[Work item]
Everything in the data gets repeated exactly, except for the pictures.

[Records for this exercise]
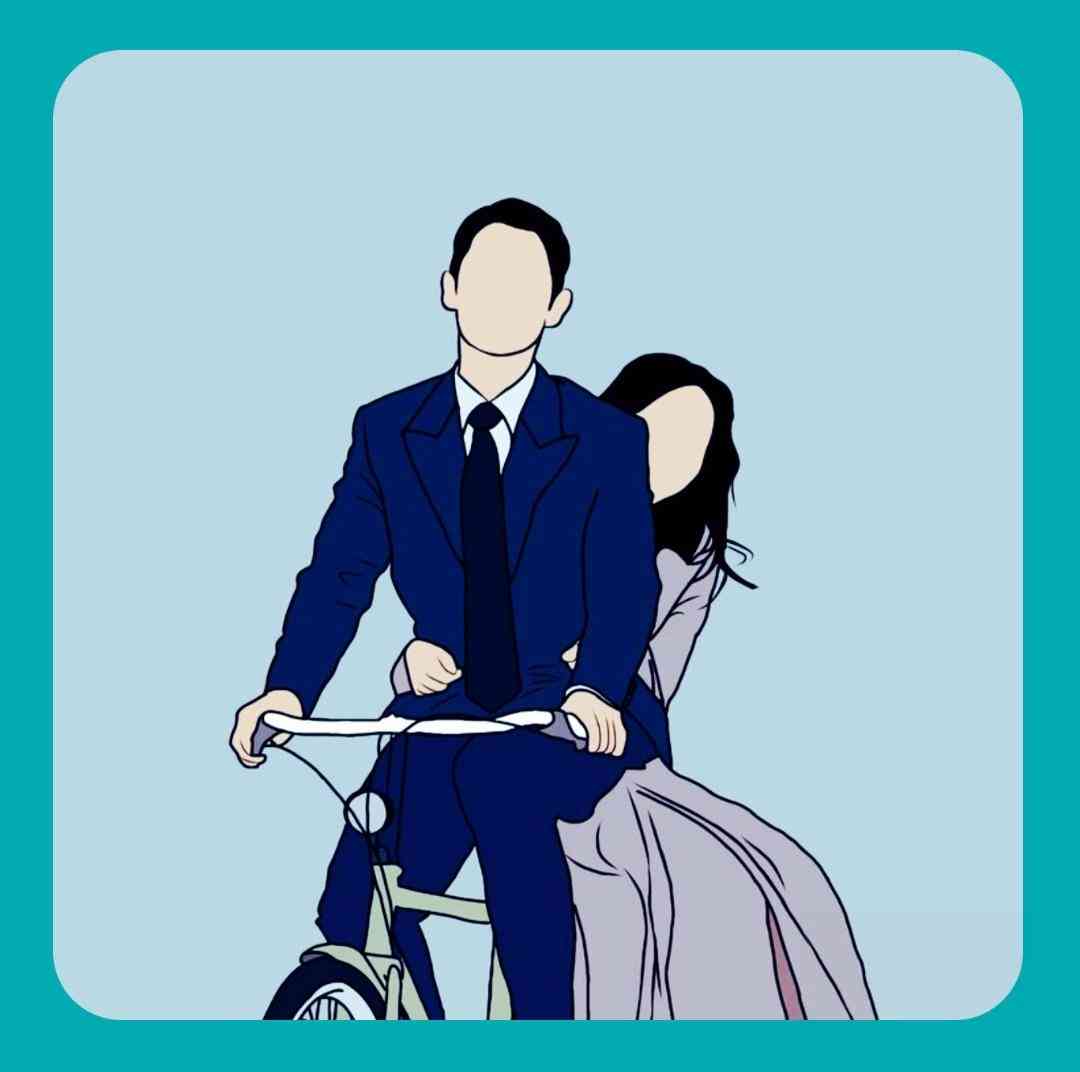 چیکار کردی با دلم – ورژن لری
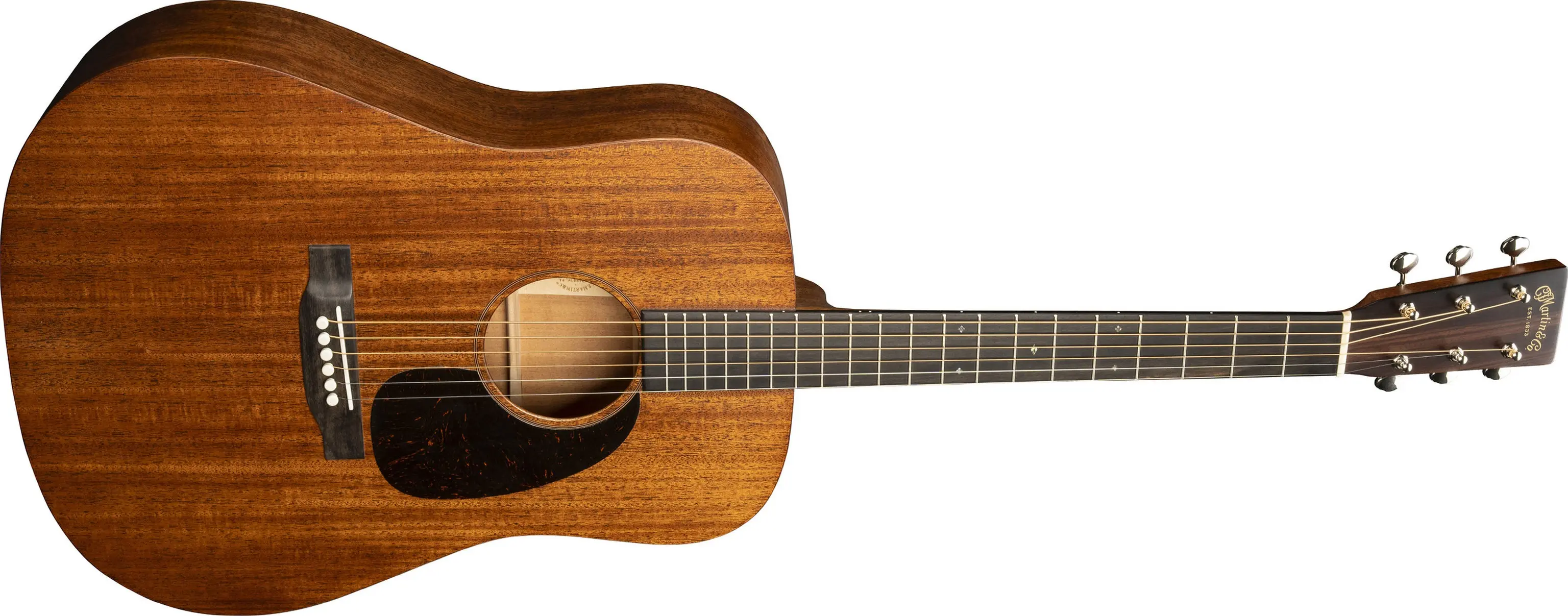 Martin D-17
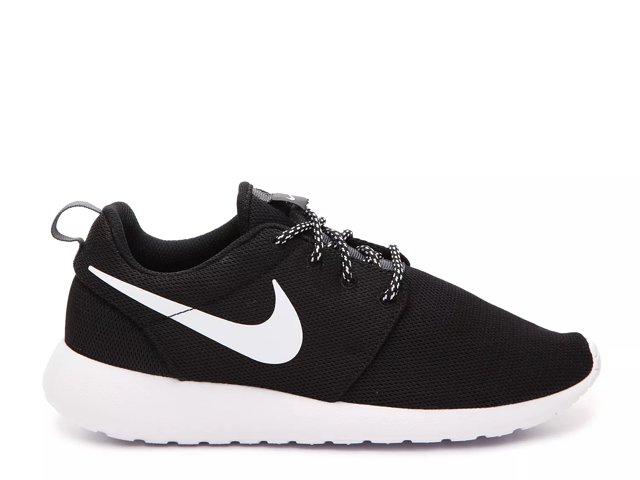 Dsw nike roshe clearance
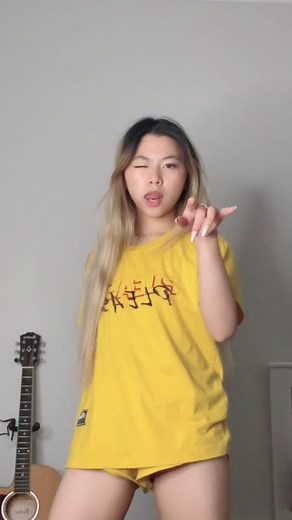 kulowi ʚ(╹.╹)ɞ on TikTok
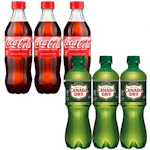 Buy 2, get 2 FREE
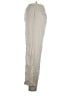 Ann Taylor Solid Tan Khakis Size 14 Petite - photo 5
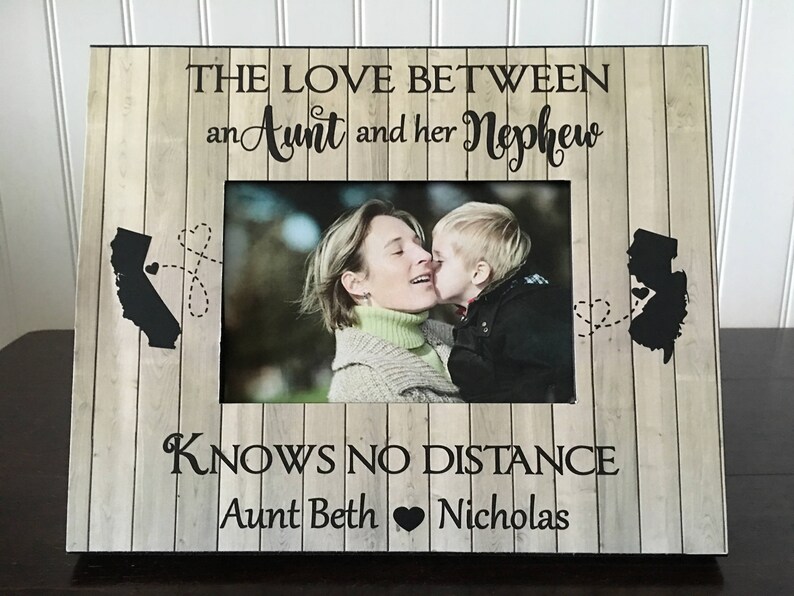 Short essay on my favourite aunt image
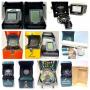 Fish Finders and More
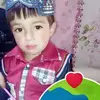 mehmood.mehmood795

[Result of the task]
 چیکار کردی با دلم – ورژن لری
 Martin D-17
 Dsw nike roshe clearance
 kulowi ʚ(╹.╹)ɞ on TikTok
 Buy 2, get 2 FREE
 Ann Taylor Solid Tan Khakis Size 14 Petite - photo 5
 Short essay on my favourite aunt image
 Fish Finders and More
 mehmood.mehmood795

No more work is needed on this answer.